Spearman's correlation coefficient for the correlation between Txnrd1 gene expression and recurrence interval in various datasets is shown in (A). Kaplan-Meier survival curve for recurrence-free survival generated by pooling the data for all the datasets after quantile normalization along with Log-Rank (Mantel-Cox) test p-value is shown in (B). The cumulative mean survival for Txnrd1^High (n = 903) and Txnrd1^Low (n = 807) cohorts is shown below the survival curve. The hazard ratio for RFS obtained by multivariate analysis for datasets included in this study was examined collectively by performing meta-analysis. A forest plot showing the pooled hazard ratio, 95% CI, weight assignment and heterogeneity is shown in (C). Meta-analysis of relative risk for recurrence for individual datasets is shown in (D). Associated statistical significance parameters and values for (C & D) are shown in Table 5. CI, confidence interval; CE, common effects model; RE, random effects model.

In 9 out of 12 datasets, Txnrd1^High breast cancer patients exhibited significantly shorter recurrence-free survival (p < 0.05) compared to Txnrd1^Low sub-group (S3A-I & Table 3). Combined survival analysis, after pooling data from all 12 datasets, showed that Txnrd1^High patients experience recurrence after 14.593 ± 0.39 years, while Txnrd1^Low breast cancer patients have a longer recurrence-free period of 17.1 ± 0.61 years (Fig. 4B). Multivariate Cox-regression analysis, considering various covariates, revealed HR > 1 at p < 0.05 in 6 out of 10 datasets. Meta-analysis of HR, using random-effects model, resulted in a pooled hazard ratio of 1.47 (95% CI, 1.25; 1.69), z = 13.15 at p < 0.001) (Fig. 4C). Meta-analysis of log-transformed relative risks (lnRR) revealed a pooled log-transformed relative risk of 0.52 (95% CI, 0.23; 0.8), z = 3.53 at p < 0.001 (Fig. 4D). Test of heterogeneity indicated low to moderate heterogeneity in the studies included in the meta-analysis (Supplementary Table 7). These analyses demonstrated a statistically significant hazard associated with Txnrd1 over-expression, indicating an increased risk of early recurrence in breast cancer patients.
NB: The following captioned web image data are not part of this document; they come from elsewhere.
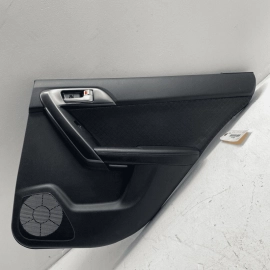 10-13 Kia Forte Sedan Rear Right Passanger Door Trim Panel Black Leather OE 10-13 Kia Forte Sedan Rear Right Passanger Door Trim Panel Black Leather OE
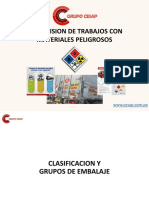 2 CLASIFICACION - Curso Supervision de Trabajos Con Materiales Peligrosos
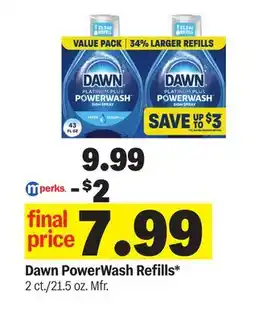 Meijer Dawn PowerWash Refills offer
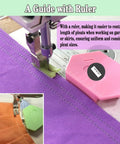 3PCS Magnetic Seam Guide For Sewing Machine, Multifunctional Polygonal Hemmer Guide With Scale used for edge binding alignment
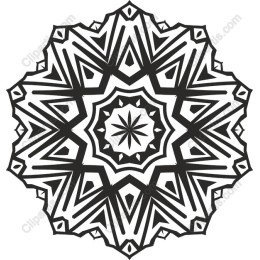 Mandala-Inspired Geometric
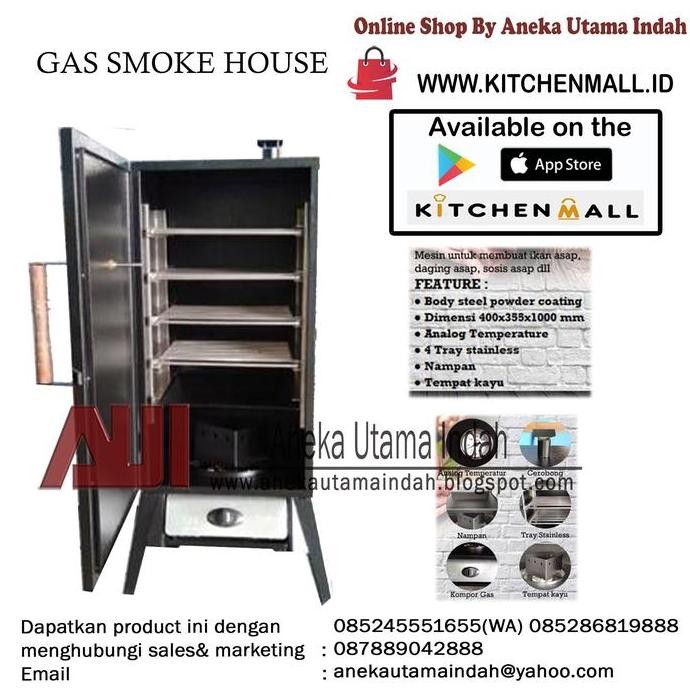 Murah Wth-Lsh01 Smokehouse (Mesin Untuk Membuat Ikan Asap, Daging Asap)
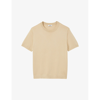 Sandro Mens Bruns Crewneck Classic-fit Knitted T-shirt
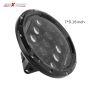 Allextreme 7inch Round Ring 13 LED Headlight with Turn Signal Lights for Jeep Wrangler (12-30V, 75W, Pack of 2)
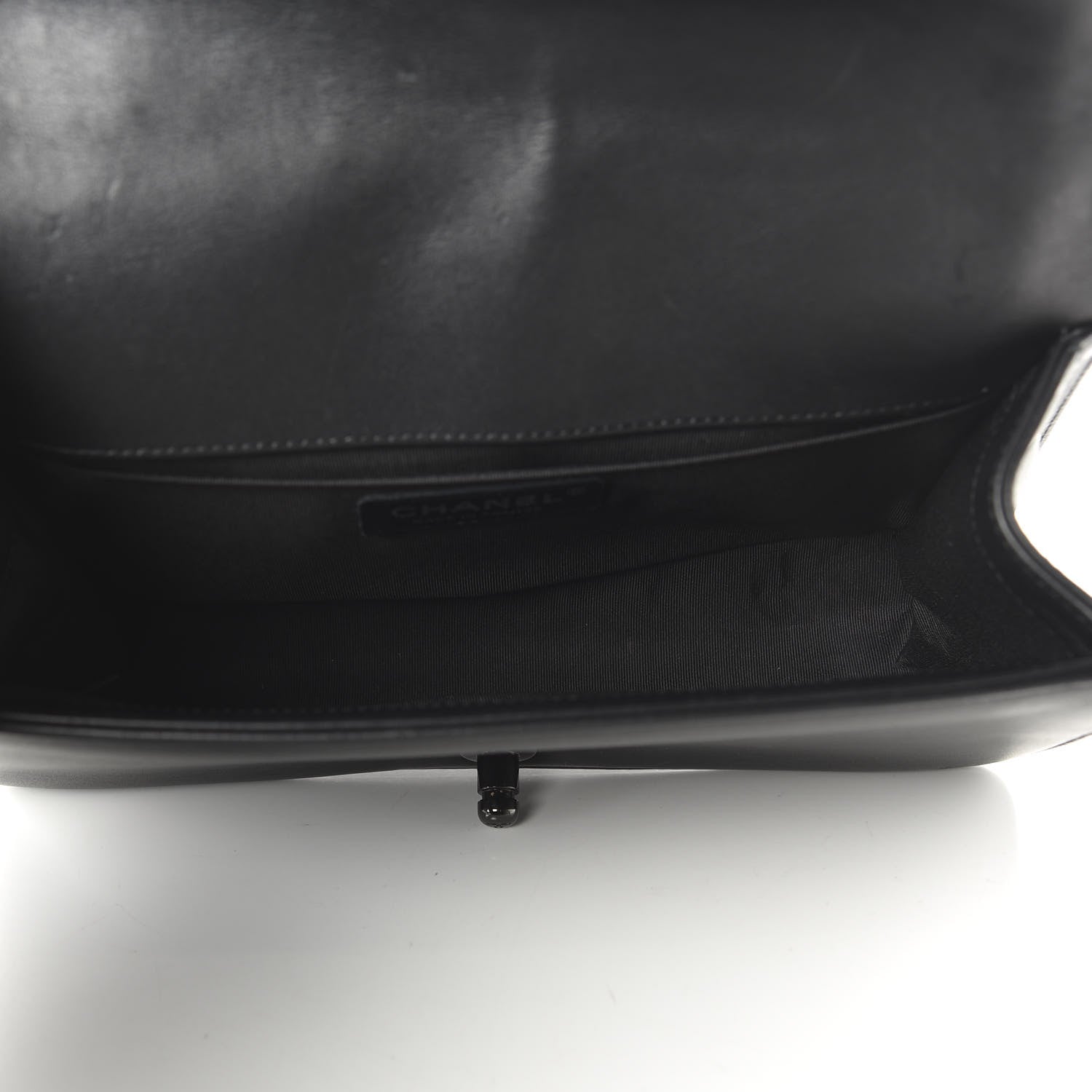 Chanel Calfskin Quilted Medium Boy Flap So Black 5 of 11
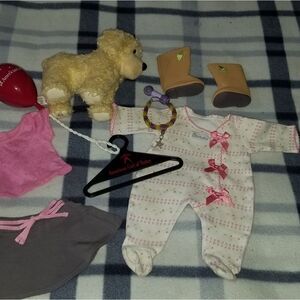 American girl doll accessories mix lot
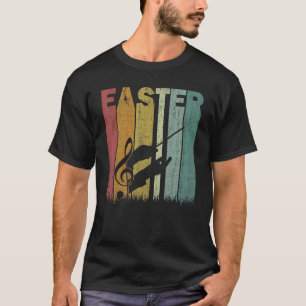 Camiseta Professor de Música do Dia de Páscoa Gráfico Retro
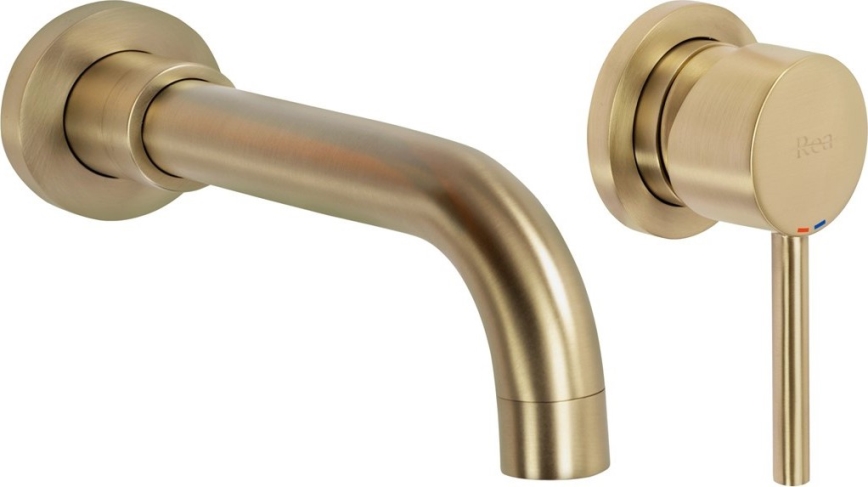 REA-B4109 - Tvättställsblandare för inbyggd installation LUNGO borstad guld
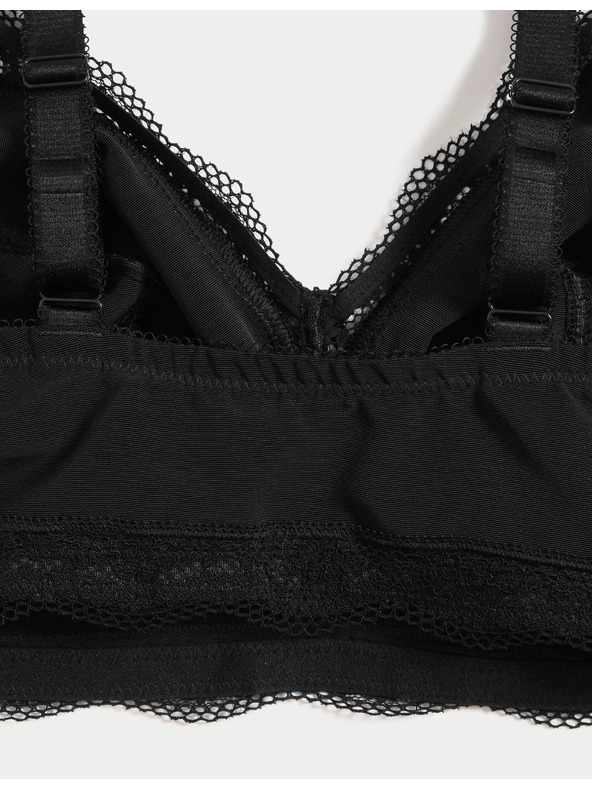 Marks & Spencer Braletka Jasmine bez kostic s krajkovými lemy, vel. F+ Marks & Spencer černá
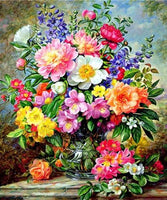 Flower Diy Paint By Numbers Kits UK PL0601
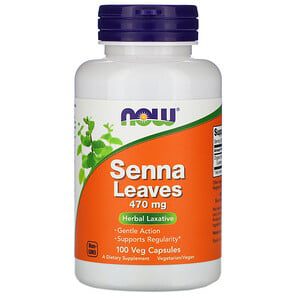 NOW FOODS Senna Leaves 470 mg 100 vcaps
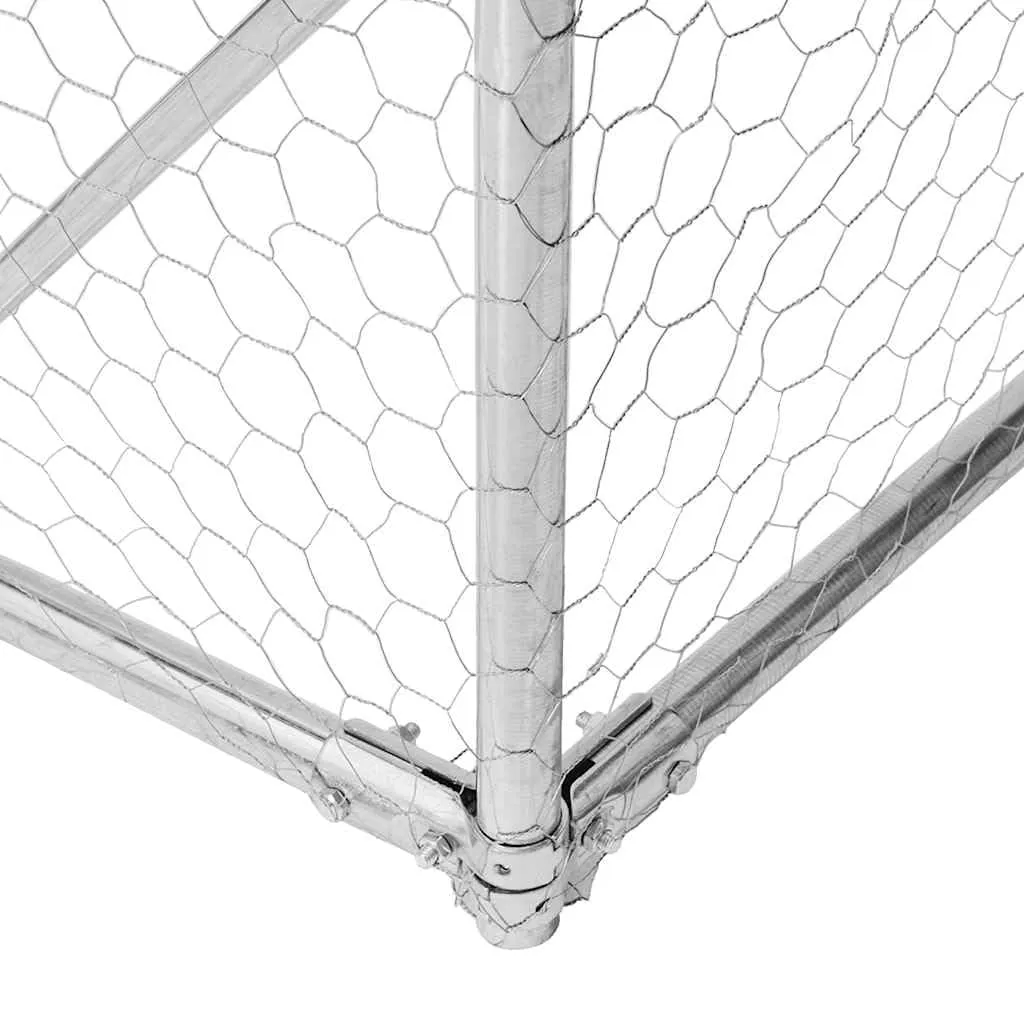 vidaXL Cuccia per cani da esterno con copertura 200x200x150 cm - immagine 6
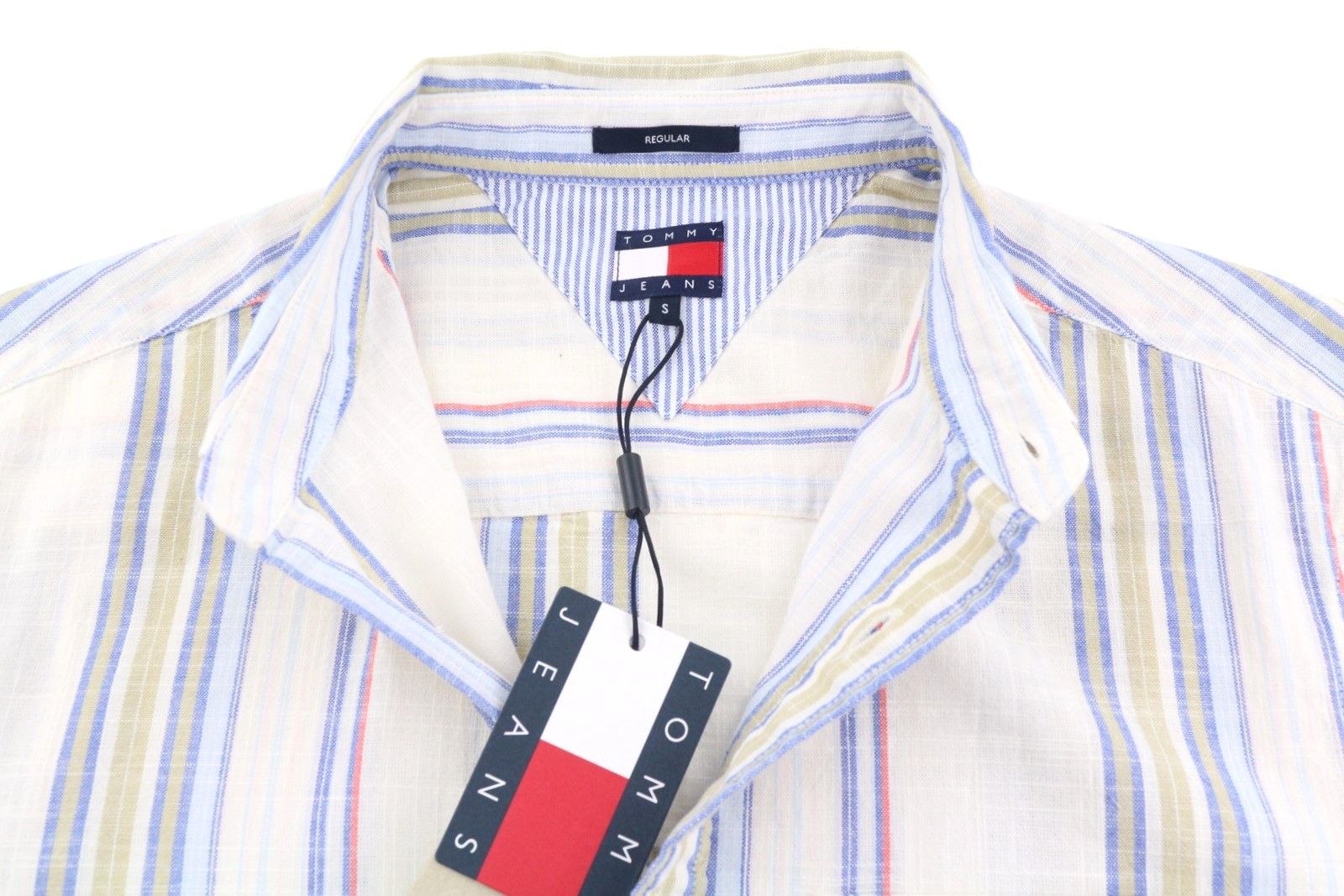 Tommy Hilfiger REG SLUB STRIPE S Colourful Short Sleeve 87690 Size US S / EU 44-46 / 1 - 6 Thumbnail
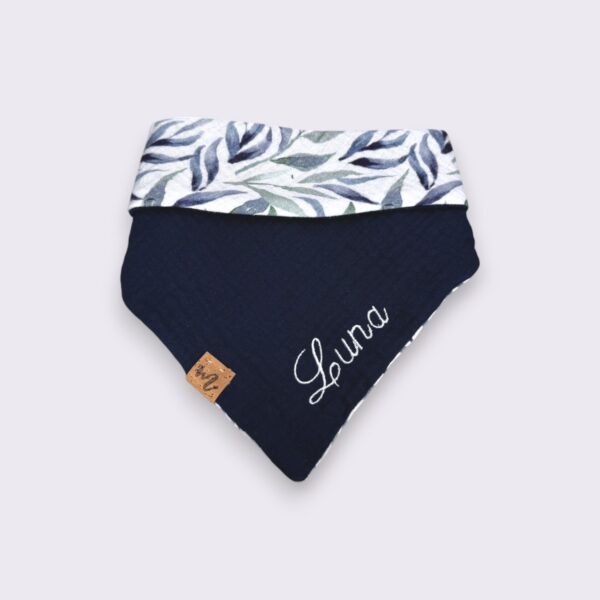 Bestickbares Bandana Hundehalstuch Seegras zum knoten – Bild 2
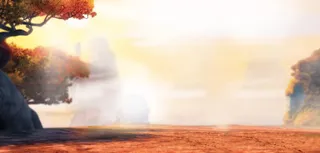 秋季幻想落叶枫叶云雾免抠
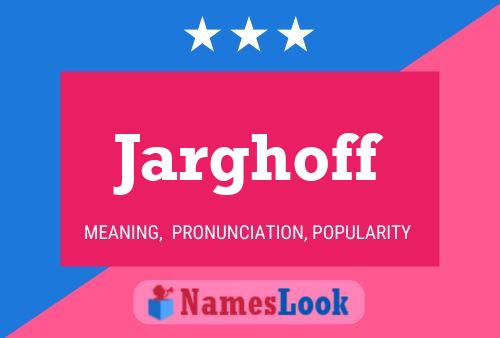 ملصق اسم Jarghoff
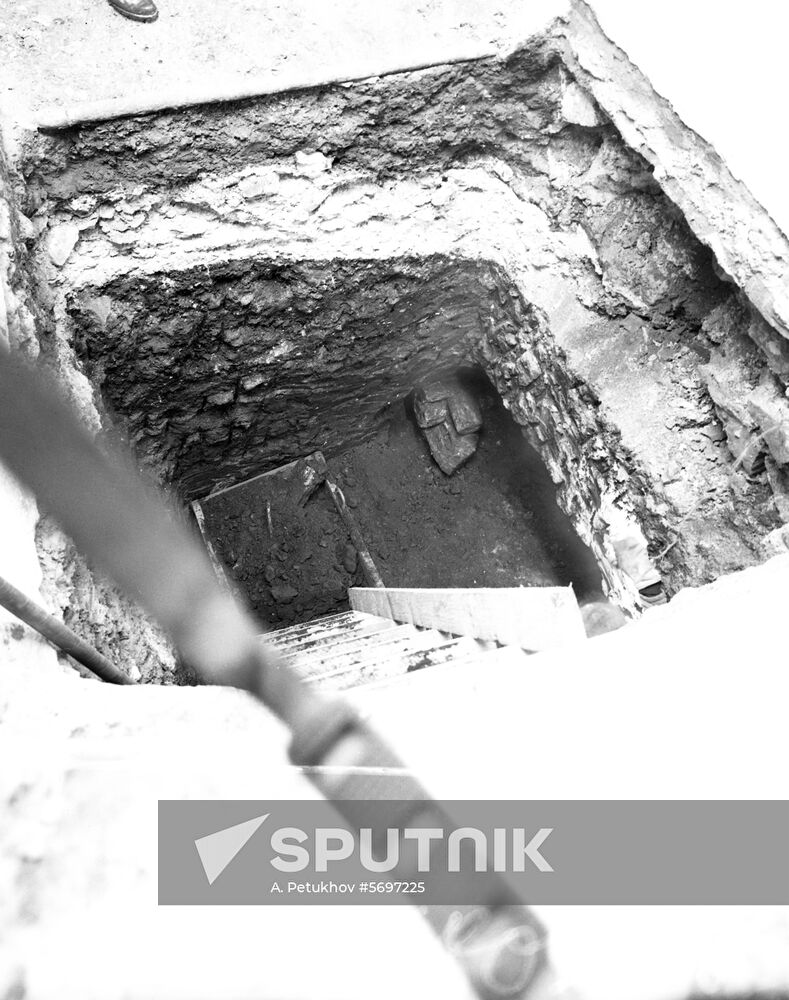 Archeological excavations in Moscow Kremlin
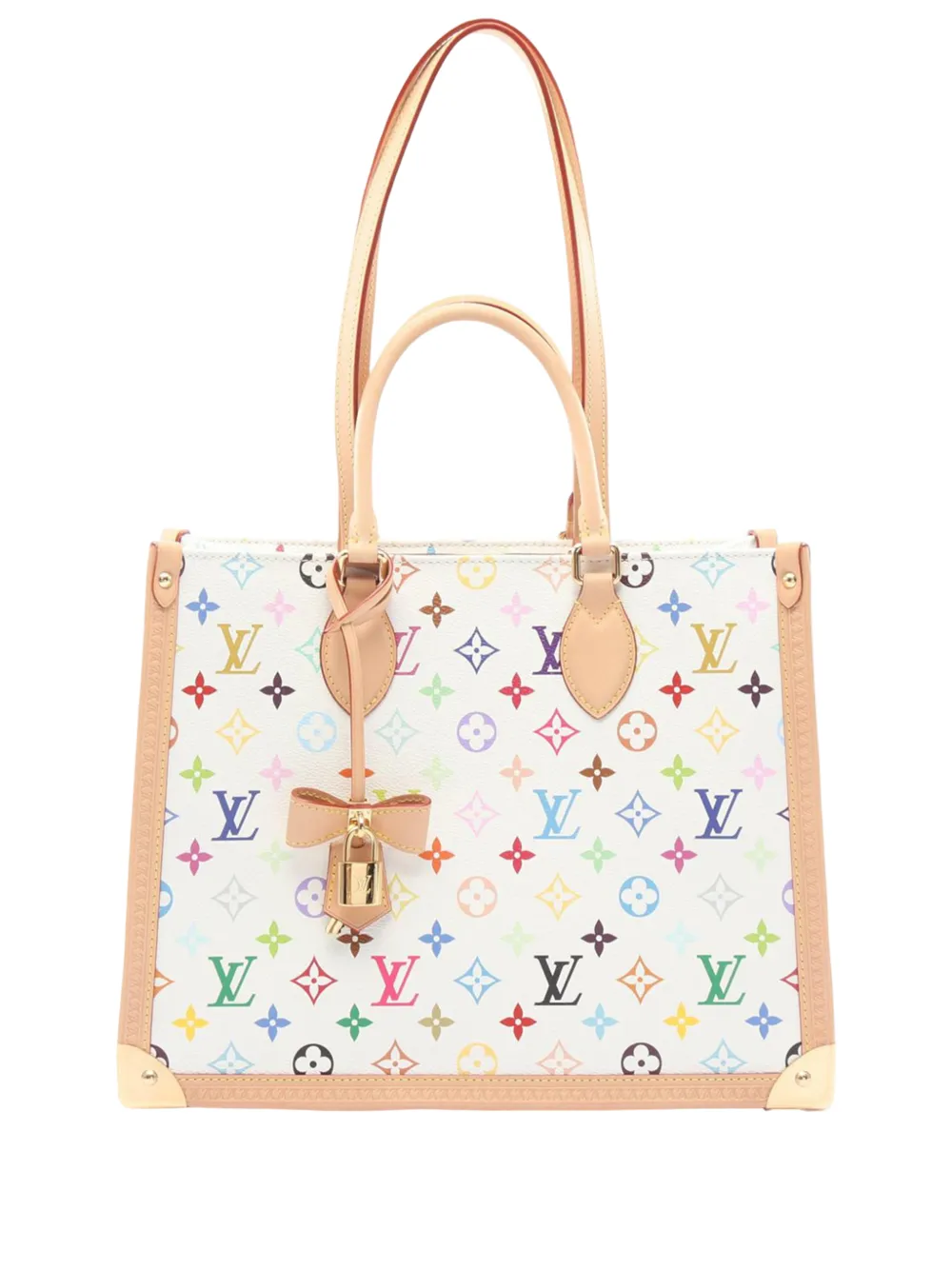 Louis Vuitton Pre-Owned 2021-2026 × Murakami Monogram Multicolore OnTheGo MM tote bag - Weiß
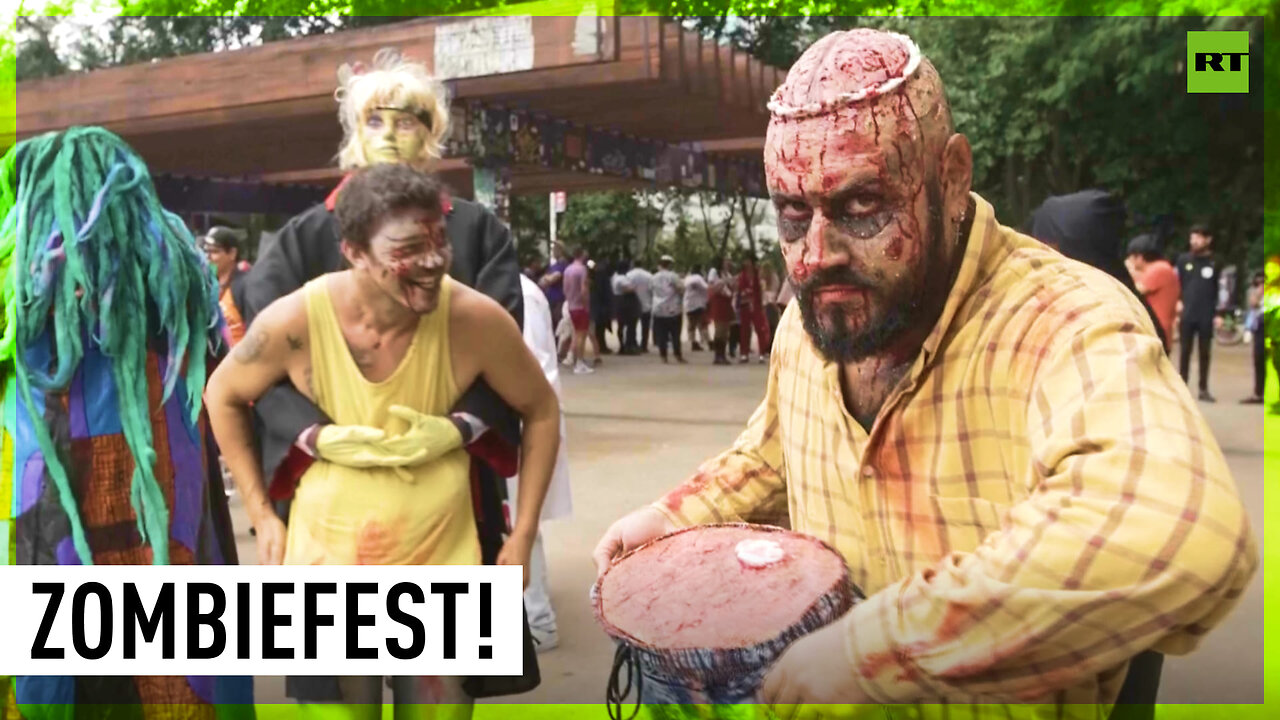 Zombie Walk in Sao Paulo marks the Day of the Dead celebrations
In 6 out of 7 datasets, Txnrd1 expression is significantly higher (p < 0.05) in breast cancer patients with metastasis compared to non-metastatic individuals (Supplementary Table 7B). Positive correlation with metastasis is observed in 7 datasets, and negative correlation with metastasis interval is noted in 6 datasets based on Spearman's correlation coefficient at p < 0.05 level (2-tailed) (Fig. 5A and B).

Fig. 5.

Txnrd1 overexpressing breast cancer patients are at elevated risk for early metastasis

Spearman's correlation coefficient for correlation between Txnrd1 gene expression and metastasis and metastasis interval for different datasets is shown in (A) & (B) respectively. Kaplan-Meier survival curve for metastasis-free survival by combining the data from all the datasets after quantile normalization along with the Log-Rank (Mantel-Cox) test p-value is shown in (C). The cumulative mean survival in Txnrd1^High (n = 527) and Txnrd1^Low (n = 517) cohort is shown below the survival curve. Meta-analysis for hazard ratio and relative risk is shown in (D) & (E), respectively. Associated statistical significance parameters and values for (D & E) are shown in Table 5. Survival distribution differences between Txnrd1^High and Txnrd1^Low groups in terms of mean time to metastasis in individual datasets is shown in (F). Statistical significance is calculated by paired t-test. CI, confidence interval; CE, common effects model; RE, random effects model.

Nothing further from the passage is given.